> _Dataset content_
________________

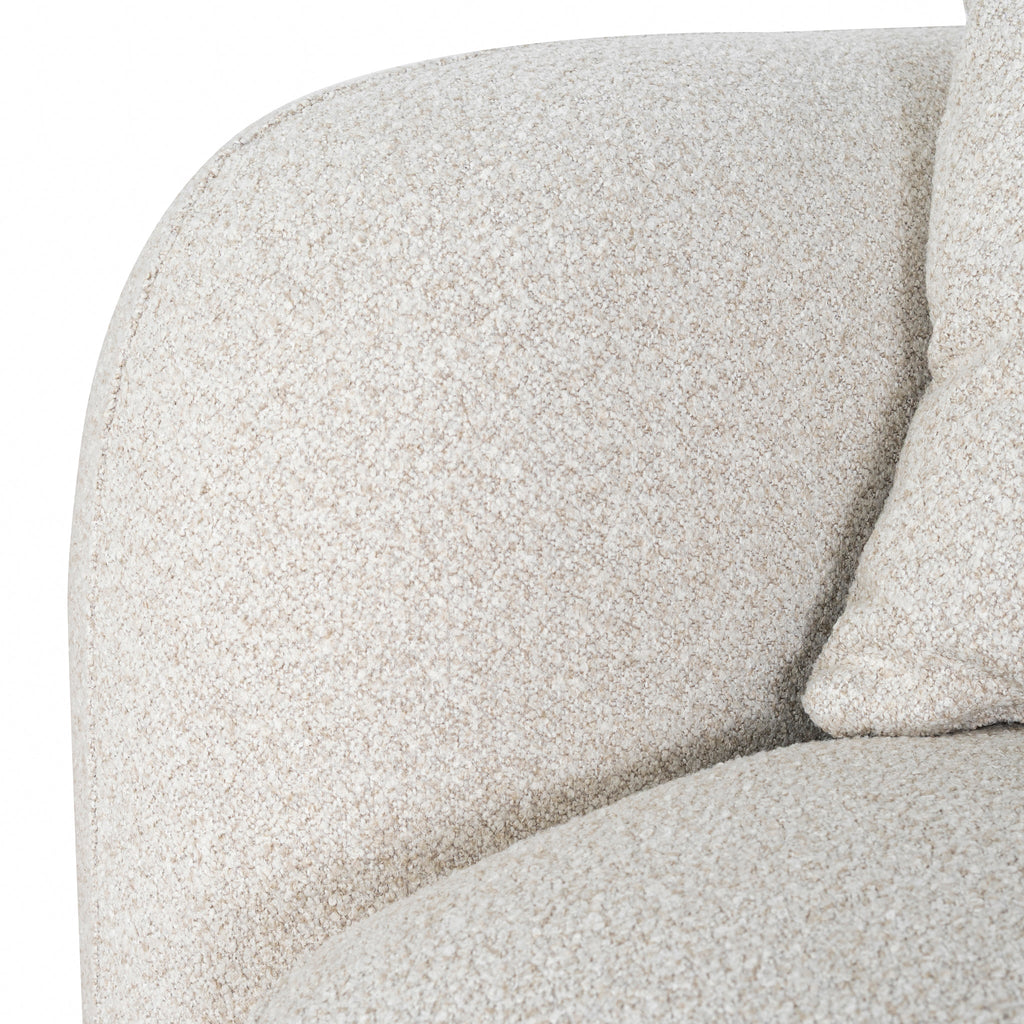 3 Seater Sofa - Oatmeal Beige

________________

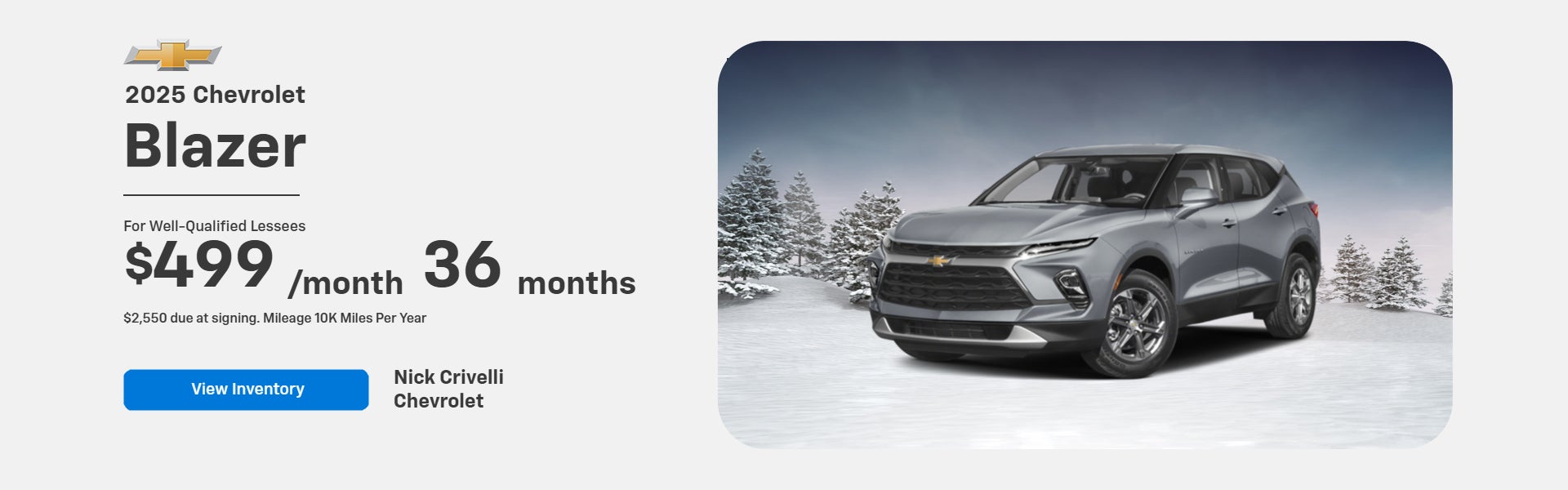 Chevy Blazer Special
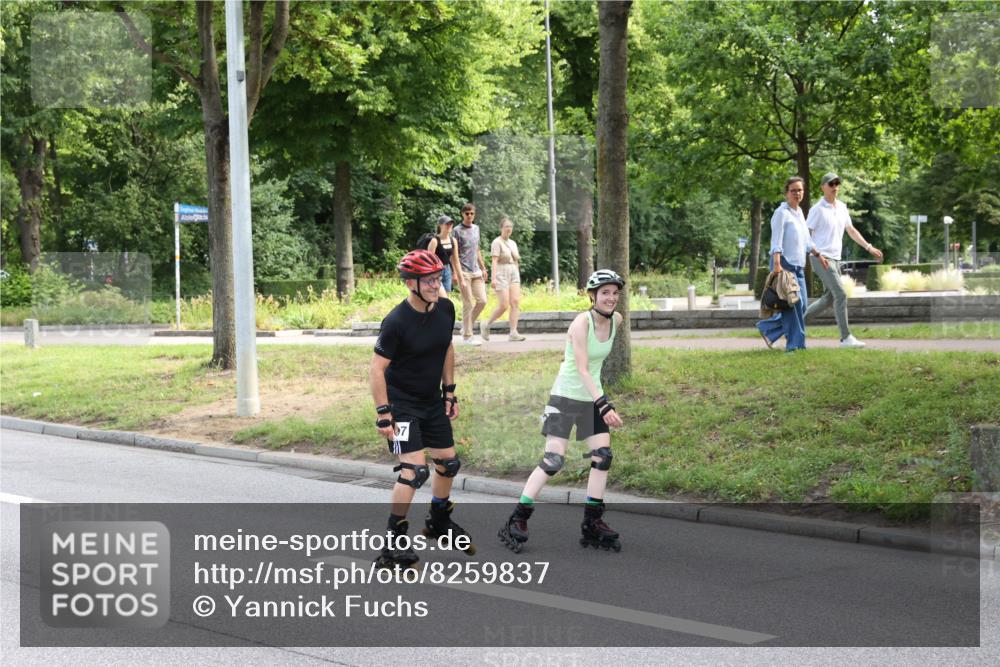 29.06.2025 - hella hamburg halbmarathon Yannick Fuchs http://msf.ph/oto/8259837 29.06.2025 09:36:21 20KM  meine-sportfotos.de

________________

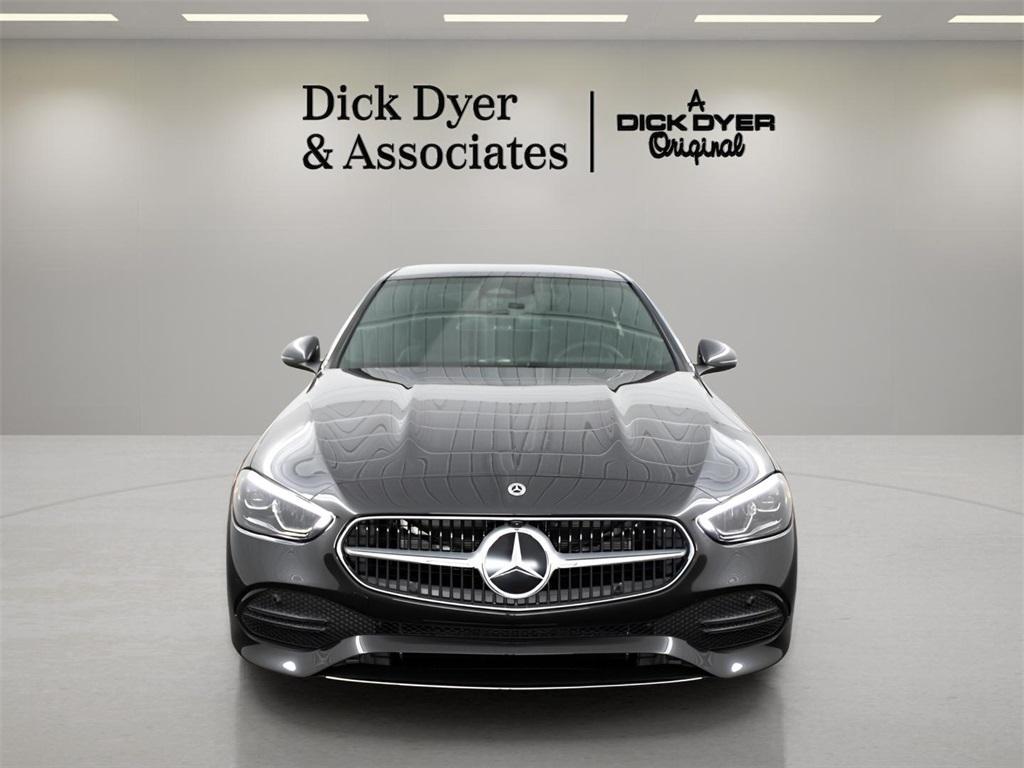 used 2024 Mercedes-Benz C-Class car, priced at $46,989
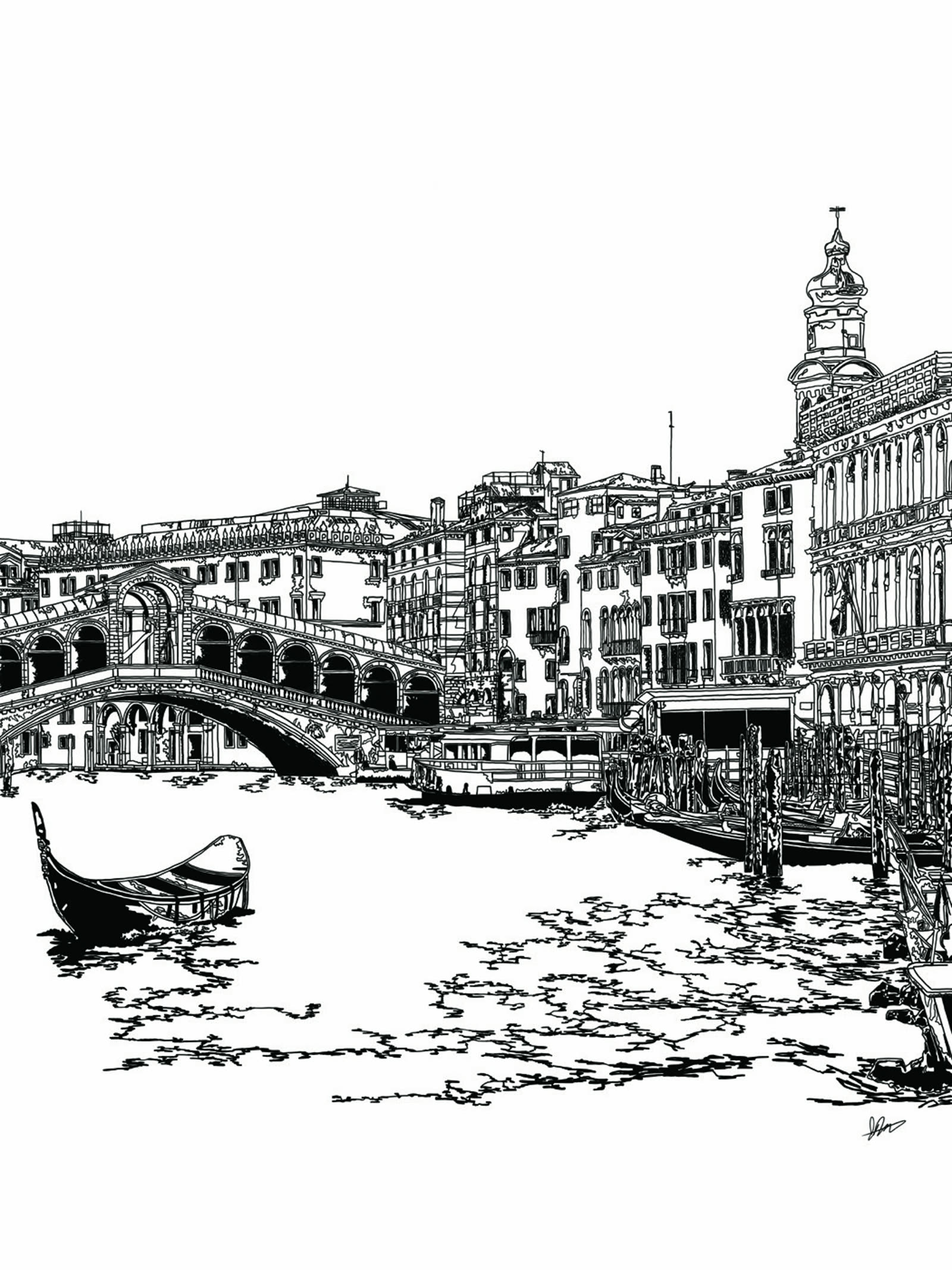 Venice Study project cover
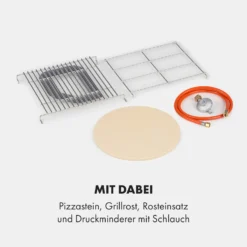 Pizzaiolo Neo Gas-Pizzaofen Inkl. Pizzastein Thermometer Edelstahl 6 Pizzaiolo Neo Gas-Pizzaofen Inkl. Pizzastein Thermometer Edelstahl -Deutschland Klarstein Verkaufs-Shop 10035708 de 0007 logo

________________

> _What is required_
In the records above, find the line containing "Venice Study project cover" and the line containing "de 0007 logo", then give both of them again word for word along with every line between. Omit any pictures.

> _Result for this exercise_
 Venice Study project cover
 Pizzaiolo Neo Gas-Pizzaofen Inkl. Pizzastein Thermometer Edelstahl 6 Pizzaiolo Neo Gas-Pizzaofen Inkl. Pizzastein Thermometer Edelstahl -Deutschland Klarstein Verkaufs-Shop 10035708 de 0007 logo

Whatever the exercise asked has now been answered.